Colin Kaepernick and Nike are right about one thing: The original American flag, the one we think Betsy Ross fashioned for George Washington during the Revolutionary War, does not belong on the backside of a Nike shoe.

But they are right for the wrong reasons.

Just in case you missed recent news reports, Nike’s plan to put a small replica of the first American flag on a new model of its sports shoes was disrupted when Kaepernick objected. Kaepernick, you remember, is the former San Francisco 49ers quarterback who took a knee during the pre-game playing of the national anthem to protest our country’s continuing discrimination of African-Americans.

There were loud protests from many football fans who thought his actions were unnecessarily disrespectful and disloyal to his team and his country. Kaepernick lost his place on the San Francisco team, and no other team gave him a chance to win a place.

On the other hand, he won support and admiration from others, especially young people, for taking a principled stand and suffering severe personal consequences.

Surprisingly, at least to me, Nike decided that Kaepernick’s appeal to its potential customers, including youth and diverse groups, could be an asset. They hired him as a representative and adviser.

When he raised objections to the use of the first American flag, of course they needed to listen.

According to The Wall Street Journal, Kaepernick objected to that flag because it was used during the time when slavery existed in the country.

Also, it is reported that some hate groups use images of the first flag on their promotional materials.

So maybe Kaepernick and Nike have a point.

But their reasoning leaves some of us unconvinced.

That first 13-star flag is for many of us as American as the Fourth of July and apple pie. It is part of what still binds us together on Independence Day and every day.

It is as American as the 15-star flag that flew above Fort McHenry when Francis Scott Key saw the bombs bursting in air and penned the words to the national anthem.

It is as American as the 35-star flag that most often flew above the Union forces during the Civil War when hundreds of thousands of those forces died in a struggle to “make men free.”

It is as American as the 48-star flag that flew above American forces opposing oppression in two world wars and flew above the Supreme Court building when Brown v.

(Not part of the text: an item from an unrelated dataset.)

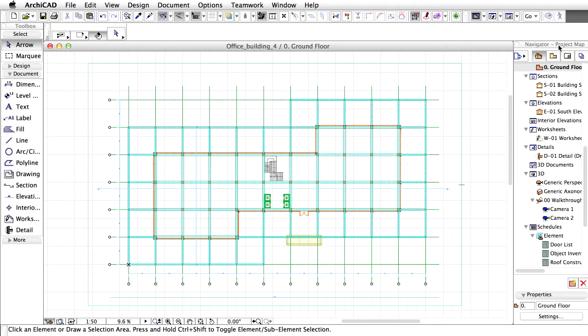Now that the Model and the Schedules are completed, it's time to think about how to put the drawings on paper. We've already created Floor Plan, Sections, Elevation and Detail documents, so now let's add the Schedule Model Views.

Board of Education was decided.

Our country is not perfect. Not in the time of slavery. Not in the time of Jim Crow. Not today when the fight for equality is incomplete. But in the words of Martin Luther King Jr., the country and its history “bends toward justice.”

The flag that represents that country, 13 stars or 50, is worth fighting to protect from exploitation by racist and hate groups and from any efforts to smear it because of the actions of such groups.

Having taken up for the flag, why do I agree that the 13-star version has no place on Nike’s shoe?

Those who respect the flag should stand up when its value is diminished by commercial exploitation or unintentional disrespectful misuse.

The U.S. Congress has approved a set of directions for proper use of the flag. It provides for the manner of display of the flag, the occasions for raising and lowering the flag, and makes the following specific rules:

n The flag should never be used for advertising purposes in any manner whatsoever …

n It should not be embroidered on such articles as cushions or handkerchiefs and the like …

n The flag should never be used as wearing apparel …

Therefore, the American flag, 13 stars or 50 stars, does not belong on a shoe — Nike’s or anybody else’s.

D.G. Martin hosts “North Carolina Bookwatch,” Sunday at 11 a.m. and Tuesday at 5 p.m., on UNC-TV. The program also airs on the North Carolina Channel Tuesday at 8 p.m. and at other times.

(4) comments

Conrad Meyer

Meanwhile, back on the original premise of the piece, I have a story to tell. Back when I entered the third grade, I was selected along with two classmates as the designated flag handlers for our grade 1-6 government elementary school. I was sent to a class on a Saturday which was administered by the Foreign Legion where I was educated on the proper handling of the flag, its history, and meaning. Upon graduation, I was tasked with raising the flag early each morning and lowering it at the end of the school day. Of course, if there was inclement weather, we scrambled to lower and properly fold the flag. Once we graduated the third grade, we handed off the responsibility to the incoming class. I have the utmost respect for the flag and would never consider desecrating it in any way including wearing those tennis shoes. I realize times have changed, but the flag should never be used for commercial purposes.

Jim Tomashoff

Kent lives in his own private universe (I guess that's a more polite way of saying he is historically ignorant, and a true believer of conspiracy theories, of which The War of Northern Aggression is one). I'd love for him to educate us on how "The bogus claims of discrimination from police (toward African-Americans) were quickly debunked." But he won't.

Kent Misegades

“during the Civil War when hundreds of thousands of those forces died in a struggle to “make men free.” Same old government school nonsense about the cause of the War of Northern Aggression, an invasion from the North to prevent Confederate states from exercising their Constitutional right of secession.

Kent Misegades

“he won support and admiration from others, especially young people, for taking a principled stand and suffering severe personal consequences.“ Just what was his principled stand about? The bogus claims of discrimination from police, all of which were quickly debunked?